The awards of P50,000.00 as moral damages and P50,000.00 as civil indemnity are likewise proper. However, the award of exemplary damages must be increased to P30,000.00 in line with prevailing jurisprudence.22 Also, interest at the rate of 6% per annum shall be imposed from date of finality of this judgment until fully paid.
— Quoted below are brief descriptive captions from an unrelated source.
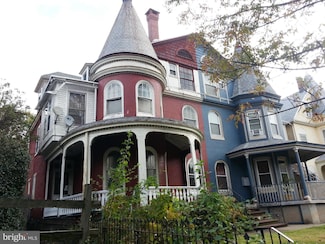 1327 Perkiomen Ave Unit 3, Reading, PA 19602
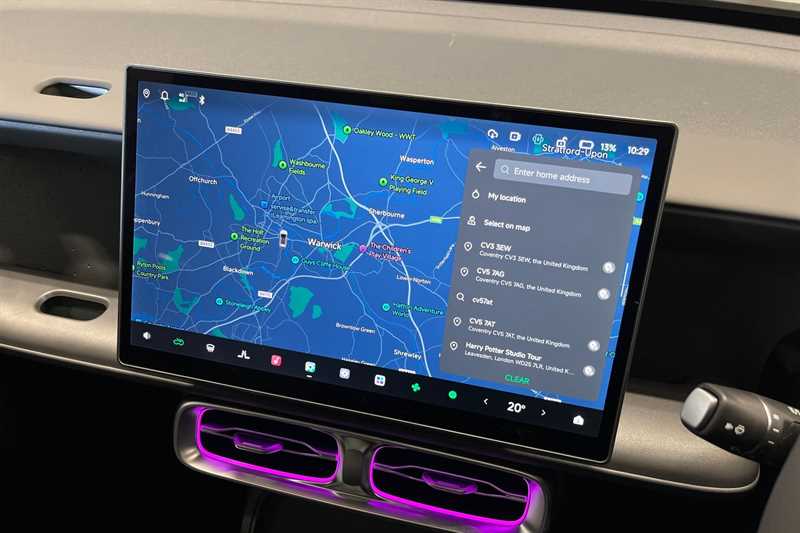 Used Leapmotor B10 2025 for sale - 78076003: Photo 18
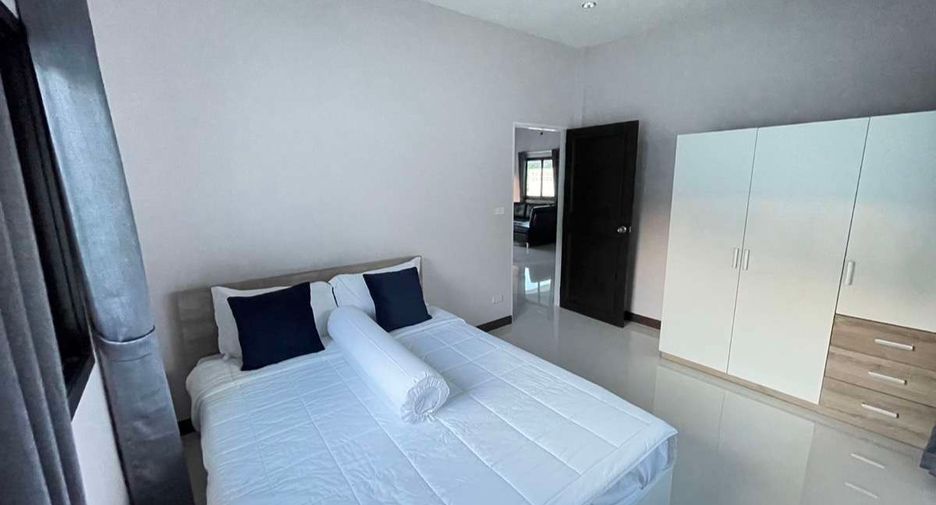 For rent 3 bedrooms house in San Sai, Chiang Mai
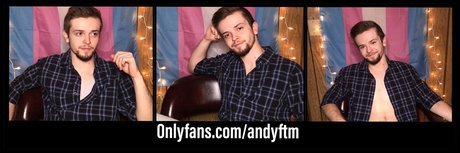 Foto desnuda filtrada de OnlyFans de Andy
WHEREFORE, the October 21, 2010 Decision of the Court of Appeals in CA–G.R. CR H.C. No. 02880 finding appellant Rene Santiago guilty beyond reasonable doubt of two counts of simple rape and sentencing him to suffer the penalty of reclusion perpetua and to pay “AAA” civil indemnity of P50,000.00 and moral damages of P50,000.00 for each count is AFFIRMED with MODIFICATIONS that appellant is not eligible for parole; the amount of exemplary damages is increased to P30,000.00 for each count; and all damages awarded shall earn interest at the rate of 6% per annum from date of finality of this judgment until fully paid.

SO ORDERED.

Carpio, (Chairperson), Brion, Del Castillo, Perez, and Perlas–Bernabe, JJ., concur.


Endnotes:


1 Records, pp. 1– 2.

2 “The real names of the victim and of the members of her immediate family are withheld pursuant to Republic Act No. 7610 (Special Protection of Children Against Child Abuse, Exploitation and Discrimination Act) and Republic Act No. 9262 (Anti–Violence Against Women and Their Children Act of 2004.)” People v. Teodoro, G.R. No. 175876, February 20, 2013, 691 SCRA 324, 326.

3 Records, p. 18.

4 Id. at 169–182; penned by Judge Corazon D. Soluren.

5 Id. at 182.

6 Id. at 186–187.

7 CA rollo, pp. 173–190; penned by Associate Justice Rebecca De Guia–Salvador and concurred in by Associate Justices Sesinando E. Villon and Amy C. Lazaro–Javier.

8 Id. at 190.

9Rollo, p. 20.

10 Id. at 24–25.

11 Id. at 33–40.

12 CA rollo, p. 107.

13 Id. at 108.

14 Id. at 185.

15 TSN, July 7, 2006, p. 7.

16 Id. at 9.

17 CA rollo, p. 184.

18People v. Amistoso, G.R. No. 201447, January 9, 2013, 688 SCRA 376, 383.

19 Records, pp. 5, 61.

20 Sec. 3. Person convicted of offenses punished with reclusion perpetua, or whose sentences will be reduced to reclusion perpetua, by reason of this Act, shall not be eligible for parole under Act No. 4180, otherwise known as the Indeterminate Sentence Law, as amended.

21 AN ACT PROHIBITING THE IMPOSITION OF DEATH PENALTY IN THE PHILIPPINES. Approved June 24, 2006.